台風前


こっちに越してきて早5年。横浜観光名所はみなとみらいや中華街、馬車道、元町といろいろあるけども、みなとみらい方面から横浜駅東口方面を眺めるこの景色がとても港町横浜らしいなと思うのだった。横浜駅東口のベイクォーターはこの角度から見ると豪華客船のようだ。実際にそのイメージでデザインされているらしい。
ここらへんは橋の下の水が海なのか運河なのか川なのか判然としない。潮の香りはする。水面をよく見るとばしゃばしゃと魚が跳ねているが、なんの魚なのかは判らない。もう少し陸側の西幸橋の下には大きな鯉が群れているが、ここは地図で確認すると汽水域とも思えないくらい海に近いのでスズキかなんかなんだろうな。
もともと横浜は山がそのまま海に落ち込んだような地形なので、平らな部分はけっこう狭い。だからこそ大きな船が着きやすくて港に向いているんだろう。東海道五十三次神奈川を見ると判るけども、昔は横浜駅のある辺りは海だった。それが江戸時代から埋め立てが始まって今のようになったわけで、この海と陸が入り組んでせめぎあっているような風景が、如何にも横浜のイメージという感じがする。住んでみると山だらけだけどな。

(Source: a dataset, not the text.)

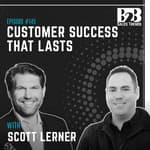 145. The Renewal Starts the Day You Close the Deal w/ Scott Lerner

あれからもう5年か。三度目の雇用保険は横浜で受取ったっけ。前の会社の社長は給料踏み倒して夜逃げした。保険関係の面倒を見てくれていた社労士さんに最後の書類上の処理など諸々を相談しに行ったら、「給料不払いは違法ですから」ときっぱり言ってくれて涙が出そうになったのも、良くはないがいまは思い出だ。結局は逃げられたが、気持ちが張り詰めていたから頼もしいその言葉が無性に嬉しかった。綱渡りの綱が切れたら餓死するしかないなと半ば本気で腹を括っていたのだ。あのころに比べたら、ずいぶん安定して幸せだと思う。不景気は庶民レベルでは絶望に直結する。大陸の向こう側の騒動も、なんとなく判らなくもない。